[Bioperl-l] SeqIO parsing

Tue, 24 Sep 2002 17:01:37 +0100 (BST)

I have been getting down into the depths of the parsing, and we are 
horrendously slow on the object creation - there are two main reasons:

   (a) a somewhat tortorous path of object creation, which *always*
travels through at least three functions to build a blessed hash (before
you have even got to the object-specific parts). I believe this can be 
slimmed down by:

       (i) Assumming the object's new function is supplied by the 
implementation heirarchy, and not the interface, getting rid of the jump 
through RootI. RootI's new() would now behave like RootI's 
_create_object()

       (ii) Remove the _create_object line in Root.pm - assumming that 
people who make to make a custom object would inheriet from RootI, 
implement ->verbose() and ->new() as they like.

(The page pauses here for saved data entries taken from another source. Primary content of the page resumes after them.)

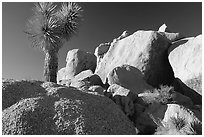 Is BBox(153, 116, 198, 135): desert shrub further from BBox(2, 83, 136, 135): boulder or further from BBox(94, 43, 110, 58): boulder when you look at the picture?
BBox(94, 43, 110, 58): boulder

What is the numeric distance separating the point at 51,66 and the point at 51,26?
8.28 ft

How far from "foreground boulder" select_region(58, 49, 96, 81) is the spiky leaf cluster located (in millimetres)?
8480

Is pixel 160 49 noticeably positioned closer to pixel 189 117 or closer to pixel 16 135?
pixel 189 117

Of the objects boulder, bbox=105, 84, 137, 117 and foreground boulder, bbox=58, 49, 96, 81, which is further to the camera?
foreground boulder, bbox=58, 49, 96, 81

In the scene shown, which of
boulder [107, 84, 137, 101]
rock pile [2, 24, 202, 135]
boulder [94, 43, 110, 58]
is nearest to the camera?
rock pile [2, 24, 202, 135]

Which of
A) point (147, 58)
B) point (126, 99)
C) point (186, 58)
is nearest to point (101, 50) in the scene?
point (147, 58)

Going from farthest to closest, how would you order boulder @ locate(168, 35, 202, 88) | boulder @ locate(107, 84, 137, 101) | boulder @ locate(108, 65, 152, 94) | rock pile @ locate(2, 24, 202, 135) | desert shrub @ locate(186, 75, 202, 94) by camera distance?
1. boulder @ locate(168, 35, 202, 88)
2. desert shrub @ locate(186, 75, 202, 94)
3. boulder @ locate(108, 65, 152, 94)
4. boulder @ locate(107, 84, 137, 101)
5. rock pile @ locate(2, 24, 202, 135)

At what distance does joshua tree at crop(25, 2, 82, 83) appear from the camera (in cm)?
1388

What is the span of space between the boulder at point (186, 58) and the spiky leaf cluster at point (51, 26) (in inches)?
314

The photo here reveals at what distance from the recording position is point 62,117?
19.2 feet

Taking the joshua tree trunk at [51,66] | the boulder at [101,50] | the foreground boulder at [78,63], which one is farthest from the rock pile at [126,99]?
the boulder at [101,50]

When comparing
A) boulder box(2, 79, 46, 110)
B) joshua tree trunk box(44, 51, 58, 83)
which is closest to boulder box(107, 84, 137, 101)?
boulder box(2, 79, 46, 110)

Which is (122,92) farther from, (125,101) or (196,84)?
(196,84)

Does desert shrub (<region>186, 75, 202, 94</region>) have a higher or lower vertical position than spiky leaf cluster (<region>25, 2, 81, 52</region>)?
lower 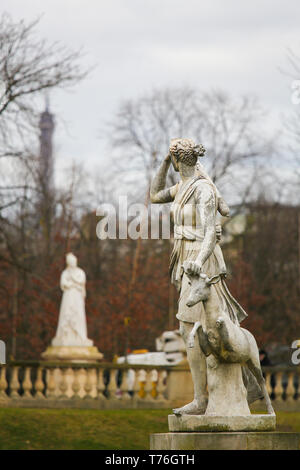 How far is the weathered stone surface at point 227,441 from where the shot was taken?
36.5 feet

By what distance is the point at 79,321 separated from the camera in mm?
27219

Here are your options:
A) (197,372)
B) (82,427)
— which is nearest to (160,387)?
(82,427)

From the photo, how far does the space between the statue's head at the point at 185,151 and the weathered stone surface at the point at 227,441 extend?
284 cm

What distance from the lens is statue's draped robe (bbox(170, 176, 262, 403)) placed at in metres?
11.8

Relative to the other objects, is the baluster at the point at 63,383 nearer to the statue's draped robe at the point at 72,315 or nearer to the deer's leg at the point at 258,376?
the statue's draped robe at the point at 72,315

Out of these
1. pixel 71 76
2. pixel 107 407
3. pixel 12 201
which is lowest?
pixel 107 407

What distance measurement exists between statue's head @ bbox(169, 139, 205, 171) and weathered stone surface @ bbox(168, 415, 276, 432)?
265 cm

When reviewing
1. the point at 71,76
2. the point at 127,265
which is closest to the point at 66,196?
the point at 127,265

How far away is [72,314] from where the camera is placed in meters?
27.5

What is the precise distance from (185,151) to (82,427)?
35.7ft

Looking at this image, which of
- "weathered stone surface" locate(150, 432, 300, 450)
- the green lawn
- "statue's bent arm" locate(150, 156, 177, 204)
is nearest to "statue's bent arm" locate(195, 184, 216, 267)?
"statue's bent arm" locate(150, 156, 177, 204)

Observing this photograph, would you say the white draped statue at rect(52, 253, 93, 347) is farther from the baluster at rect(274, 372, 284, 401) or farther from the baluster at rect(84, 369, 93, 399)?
the baluster at rect(274, 372, 284, 401) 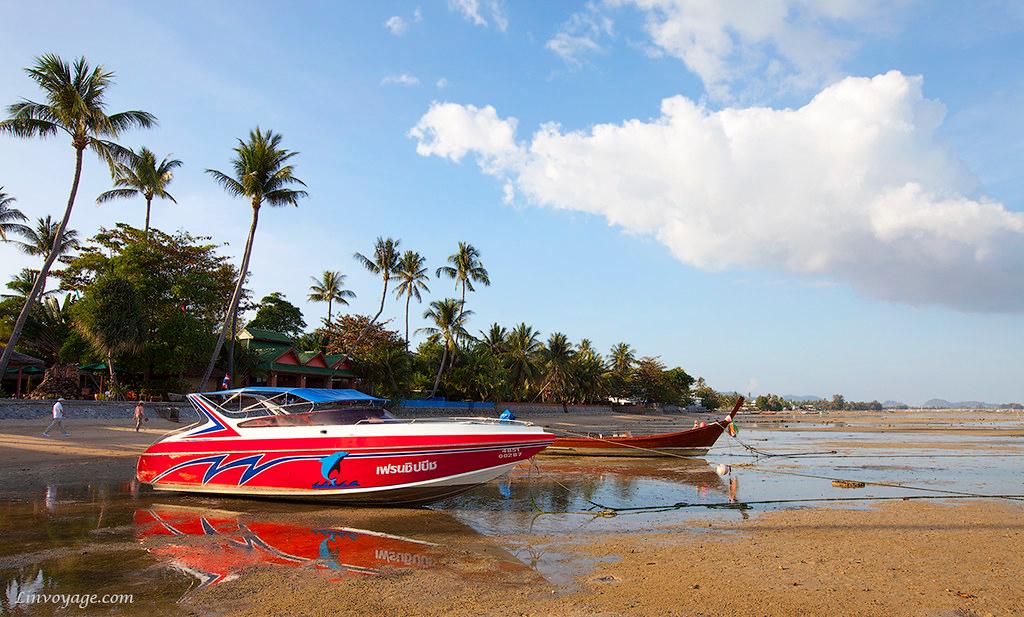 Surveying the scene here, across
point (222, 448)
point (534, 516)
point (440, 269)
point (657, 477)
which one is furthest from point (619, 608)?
point (440, 269)

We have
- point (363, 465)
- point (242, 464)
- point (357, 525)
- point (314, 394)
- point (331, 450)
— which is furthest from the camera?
point (314, 394)

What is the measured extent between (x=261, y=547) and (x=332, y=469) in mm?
2115

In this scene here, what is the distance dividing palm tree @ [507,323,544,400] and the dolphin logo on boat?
1897 inches

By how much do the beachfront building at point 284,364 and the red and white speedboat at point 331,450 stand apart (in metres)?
28.5

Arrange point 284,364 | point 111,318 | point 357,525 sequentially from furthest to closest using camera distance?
point 284,364, point 111,318, point 357,525

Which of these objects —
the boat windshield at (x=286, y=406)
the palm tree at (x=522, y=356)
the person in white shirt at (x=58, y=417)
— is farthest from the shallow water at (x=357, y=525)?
the palm tree at (x=522, y=356)

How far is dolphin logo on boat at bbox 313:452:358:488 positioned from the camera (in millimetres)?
9398

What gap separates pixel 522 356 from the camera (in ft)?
189

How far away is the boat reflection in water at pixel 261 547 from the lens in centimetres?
652

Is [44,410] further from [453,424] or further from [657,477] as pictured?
[657,477]

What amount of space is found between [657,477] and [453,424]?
729cm

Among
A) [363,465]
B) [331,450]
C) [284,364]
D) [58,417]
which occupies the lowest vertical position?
[58,417]

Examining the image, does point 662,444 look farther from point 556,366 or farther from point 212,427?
point 556,366

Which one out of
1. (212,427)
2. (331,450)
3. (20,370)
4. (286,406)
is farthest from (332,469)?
(20,370) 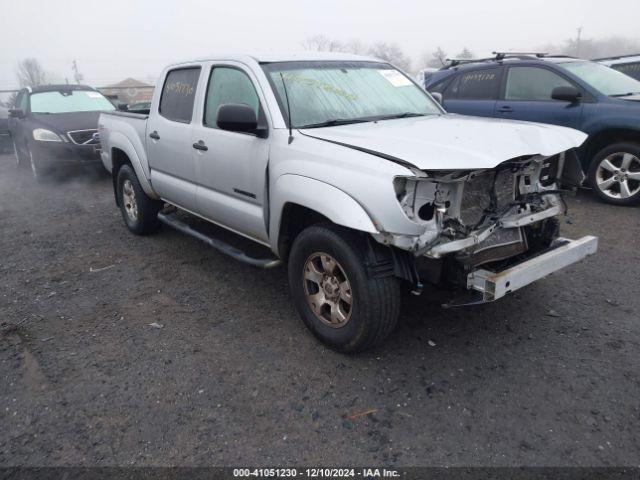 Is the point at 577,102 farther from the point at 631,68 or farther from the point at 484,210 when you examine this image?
the point at 484,210

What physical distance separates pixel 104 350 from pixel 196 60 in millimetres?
2597

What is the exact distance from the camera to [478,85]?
7.35 metres

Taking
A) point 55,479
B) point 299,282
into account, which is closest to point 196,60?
point 299,282

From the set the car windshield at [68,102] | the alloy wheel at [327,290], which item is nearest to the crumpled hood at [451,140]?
the alloy wheel at [327,290]

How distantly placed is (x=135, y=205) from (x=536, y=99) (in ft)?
17.5

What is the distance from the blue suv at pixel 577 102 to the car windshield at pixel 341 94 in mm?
2956

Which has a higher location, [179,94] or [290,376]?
[179,94]

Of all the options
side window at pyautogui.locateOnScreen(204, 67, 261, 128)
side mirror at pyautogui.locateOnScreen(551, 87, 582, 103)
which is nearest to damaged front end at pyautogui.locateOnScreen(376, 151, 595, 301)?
side window at pyautogui.locateOnScreen(204, 67, 261, 128)

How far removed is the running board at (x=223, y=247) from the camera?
11.9 ft

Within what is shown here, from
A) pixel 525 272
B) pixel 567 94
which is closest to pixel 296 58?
pixel 525 272

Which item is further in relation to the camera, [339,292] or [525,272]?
[339,292]

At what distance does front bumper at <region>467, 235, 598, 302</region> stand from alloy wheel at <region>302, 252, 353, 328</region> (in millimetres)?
760

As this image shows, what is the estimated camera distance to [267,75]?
3619mm

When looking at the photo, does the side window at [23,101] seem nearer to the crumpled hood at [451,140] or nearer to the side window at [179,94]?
the side window at [179,94] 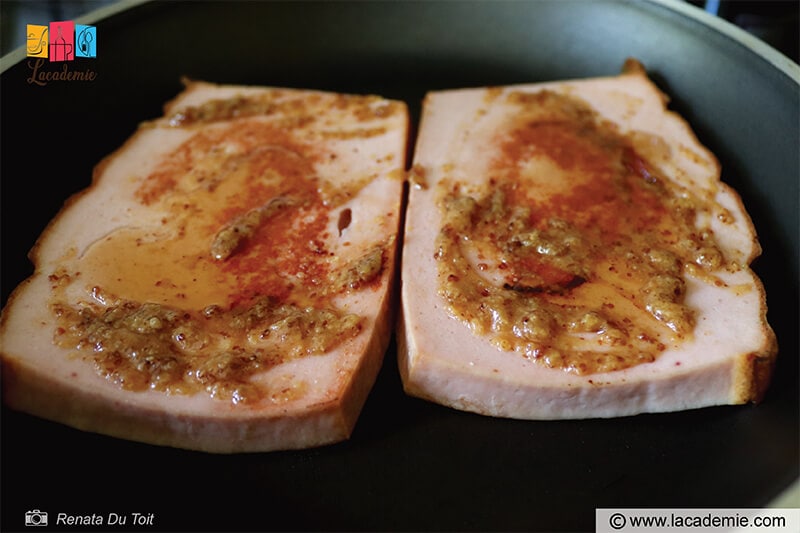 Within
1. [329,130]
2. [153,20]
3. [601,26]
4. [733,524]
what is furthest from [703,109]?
[153,20]

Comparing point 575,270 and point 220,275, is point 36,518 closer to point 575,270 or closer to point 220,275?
point 220,275

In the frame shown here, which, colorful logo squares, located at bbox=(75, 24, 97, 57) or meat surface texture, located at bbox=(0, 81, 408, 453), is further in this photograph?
colorful logo squares, located at bbox=(75, 24, 97, 57)

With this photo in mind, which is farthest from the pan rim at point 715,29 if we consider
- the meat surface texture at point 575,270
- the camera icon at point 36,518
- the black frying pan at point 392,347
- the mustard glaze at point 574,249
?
the camera icon at point 36,518

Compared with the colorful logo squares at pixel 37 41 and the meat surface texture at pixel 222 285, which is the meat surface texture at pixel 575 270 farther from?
the colorful logo squares at pixel 37 41

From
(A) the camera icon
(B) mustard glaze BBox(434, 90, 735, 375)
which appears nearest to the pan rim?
(B) mustard glaze BBox(434, 90, 735, 375)

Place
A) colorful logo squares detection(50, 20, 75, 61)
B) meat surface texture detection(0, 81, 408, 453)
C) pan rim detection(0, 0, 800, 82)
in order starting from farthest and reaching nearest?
1. colorful logo squares detection(50, 20, 75, 61)
2. pan rim detection(0, 0, 800, 82)
3. meat surface texture detection(0, 81, 408, 453)

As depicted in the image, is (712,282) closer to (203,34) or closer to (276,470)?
(276,470)

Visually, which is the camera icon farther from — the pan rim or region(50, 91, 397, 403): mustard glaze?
the pan rim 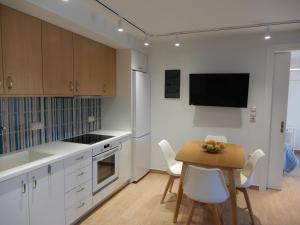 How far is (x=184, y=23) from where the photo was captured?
2.84 meters

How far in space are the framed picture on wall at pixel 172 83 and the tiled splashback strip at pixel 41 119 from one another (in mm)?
1292

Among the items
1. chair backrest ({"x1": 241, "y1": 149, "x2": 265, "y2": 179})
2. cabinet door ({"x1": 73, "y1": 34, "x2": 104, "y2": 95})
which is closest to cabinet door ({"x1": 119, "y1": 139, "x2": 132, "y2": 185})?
cabinet door ({"x1": 73, "y1": 34, "x2": 104, "y2": 95})

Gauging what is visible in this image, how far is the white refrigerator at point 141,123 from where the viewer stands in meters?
3.56

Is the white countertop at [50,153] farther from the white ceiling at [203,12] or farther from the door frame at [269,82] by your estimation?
the door frame at [269,82]

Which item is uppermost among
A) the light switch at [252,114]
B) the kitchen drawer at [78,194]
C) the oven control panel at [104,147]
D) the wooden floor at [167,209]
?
the light switch at [252,114]

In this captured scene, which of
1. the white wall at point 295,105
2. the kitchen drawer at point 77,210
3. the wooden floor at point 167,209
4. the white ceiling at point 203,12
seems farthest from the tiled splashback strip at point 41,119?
the white wall at point 295,105

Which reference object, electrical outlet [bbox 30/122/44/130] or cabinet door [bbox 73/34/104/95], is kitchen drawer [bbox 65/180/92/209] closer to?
electrical outlet [bbox 30/122/44/130]

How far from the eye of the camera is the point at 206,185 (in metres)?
2.09

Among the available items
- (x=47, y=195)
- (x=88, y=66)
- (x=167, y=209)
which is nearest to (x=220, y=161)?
(x=167, y=209)

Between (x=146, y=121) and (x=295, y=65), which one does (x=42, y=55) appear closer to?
(x=146, y=121)

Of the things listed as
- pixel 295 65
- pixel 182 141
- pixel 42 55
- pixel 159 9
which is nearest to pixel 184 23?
pixel 159 9

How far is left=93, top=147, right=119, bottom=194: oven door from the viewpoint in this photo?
2.74 meters

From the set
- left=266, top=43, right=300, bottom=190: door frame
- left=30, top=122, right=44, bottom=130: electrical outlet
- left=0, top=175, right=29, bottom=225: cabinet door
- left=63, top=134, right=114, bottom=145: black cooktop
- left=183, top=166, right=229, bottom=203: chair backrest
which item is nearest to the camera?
left=0, top=175, right=29, bottom=225: cabinet door

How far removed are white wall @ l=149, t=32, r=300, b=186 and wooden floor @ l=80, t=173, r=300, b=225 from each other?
425 millimetres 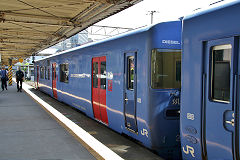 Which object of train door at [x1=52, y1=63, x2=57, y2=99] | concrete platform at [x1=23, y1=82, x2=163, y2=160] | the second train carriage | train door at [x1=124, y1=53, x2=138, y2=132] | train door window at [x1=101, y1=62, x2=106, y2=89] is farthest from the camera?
train door at [x1=52, y1=63, x2=57, y2=99]

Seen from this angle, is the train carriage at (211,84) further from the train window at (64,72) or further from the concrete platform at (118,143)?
the train window at (64,72)

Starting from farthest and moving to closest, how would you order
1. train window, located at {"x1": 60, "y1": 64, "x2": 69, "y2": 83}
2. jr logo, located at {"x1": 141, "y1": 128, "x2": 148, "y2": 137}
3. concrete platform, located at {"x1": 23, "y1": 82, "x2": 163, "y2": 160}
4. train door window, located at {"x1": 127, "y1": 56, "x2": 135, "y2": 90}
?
train window, located at {"x1": 60, "y1": 64, "x2": 69, "y2": 83}
train door window, located at {"x1": 127, "y1": 56, "x2": 135, "y2": 90}
concrete platform, located at {"x1": 23, "y1": 82, "x2": 163, "y2": 160}
jr logo, located at {"x1": 141, "y1": 128, "x2": 148, "y2": 137}

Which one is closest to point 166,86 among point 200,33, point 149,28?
point 149,28

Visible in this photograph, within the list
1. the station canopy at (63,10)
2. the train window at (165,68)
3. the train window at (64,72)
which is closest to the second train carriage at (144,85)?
the train window at (165,68)

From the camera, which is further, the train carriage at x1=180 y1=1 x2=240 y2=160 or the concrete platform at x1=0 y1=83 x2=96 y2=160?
the concrete platform at x1=0 y1=83 x2=96 y2=160

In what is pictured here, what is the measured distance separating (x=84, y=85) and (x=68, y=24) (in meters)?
3.12

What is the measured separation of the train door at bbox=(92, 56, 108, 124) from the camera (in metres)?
7.22

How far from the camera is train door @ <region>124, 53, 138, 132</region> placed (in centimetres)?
545

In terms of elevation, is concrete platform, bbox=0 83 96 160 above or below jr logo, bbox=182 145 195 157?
below

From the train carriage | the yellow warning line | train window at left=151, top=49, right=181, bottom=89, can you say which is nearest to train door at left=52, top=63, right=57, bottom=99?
the yellow warning line

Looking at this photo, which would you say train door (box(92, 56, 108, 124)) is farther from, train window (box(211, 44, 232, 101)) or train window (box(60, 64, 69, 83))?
train window (box(211, 44, 232, 101))

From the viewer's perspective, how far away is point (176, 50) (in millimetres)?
5129

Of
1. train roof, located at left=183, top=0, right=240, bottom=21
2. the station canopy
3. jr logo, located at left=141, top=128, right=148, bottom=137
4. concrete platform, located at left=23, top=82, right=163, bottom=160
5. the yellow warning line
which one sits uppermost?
the station canopy

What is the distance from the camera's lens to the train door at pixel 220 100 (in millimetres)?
3090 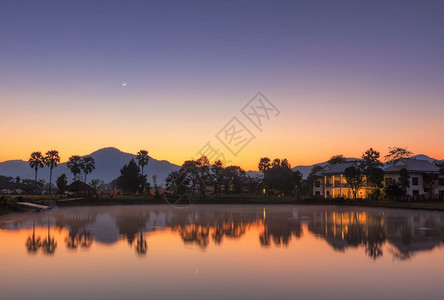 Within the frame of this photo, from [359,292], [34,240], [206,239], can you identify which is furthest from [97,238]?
[359,292]

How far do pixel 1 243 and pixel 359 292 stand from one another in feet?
54.6

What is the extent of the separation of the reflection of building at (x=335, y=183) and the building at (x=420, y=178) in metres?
7.28

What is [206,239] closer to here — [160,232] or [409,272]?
[160,232]

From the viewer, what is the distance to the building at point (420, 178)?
74.2 metres

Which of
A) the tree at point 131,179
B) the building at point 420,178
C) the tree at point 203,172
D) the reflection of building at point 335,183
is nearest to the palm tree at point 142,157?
the tree at point 131,179

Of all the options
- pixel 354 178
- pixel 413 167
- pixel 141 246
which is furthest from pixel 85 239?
pixel 413 167

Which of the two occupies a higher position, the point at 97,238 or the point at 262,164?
the point at 262,164

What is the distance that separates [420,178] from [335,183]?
18.0 meters

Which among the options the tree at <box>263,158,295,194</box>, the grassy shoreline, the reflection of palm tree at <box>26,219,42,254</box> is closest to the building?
the grassy shoreline

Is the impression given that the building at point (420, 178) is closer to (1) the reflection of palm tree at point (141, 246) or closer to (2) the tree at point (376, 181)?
(2) the tree at point (376, 181)

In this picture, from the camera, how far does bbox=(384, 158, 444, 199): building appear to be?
243 ft

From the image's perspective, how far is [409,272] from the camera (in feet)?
39.2

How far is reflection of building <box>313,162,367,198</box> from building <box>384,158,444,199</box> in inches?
287

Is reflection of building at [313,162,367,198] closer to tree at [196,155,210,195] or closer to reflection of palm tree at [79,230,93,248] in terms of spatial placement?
tree at [196,155,210,195]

       (iii) To prevent henious errors of RootI compliance without verbose 
being overriden, put in a default implementation of verbose returning 0 
and a warning.

  this scheme in my mind has one *SERIOUS* gotcha. People *have* to write 
their @ISA's with their implementation tree *first* and their interface 
inheritance second. Is this ok with people?

The nice thing about (a) is that it should give speed ups across the 
entire system, not just SeqIO. 

Jason/Hilmar - is there a hidden gotcha here somewhere?

  (b) Making a new Bio::Seq::SeqFactory with privledged access to 
functions in Bio::Seq and Bio::PrimarySeq to make fast access objects, eg, 
not going through a second alphabet on setting seq.

(b) is SeqIO specific so I want to do this second.

BTW - I think I can cut the object creation time by a factor of 6 in my 
tests if I get this written right ;)

-----------------------------------------------------------------
Ewan Birney. Mobile: +44 (0)7970 151230, Work: +44 1223 494420
<birney@ebi.ac.uk>. 
-----------------------------------------------------------------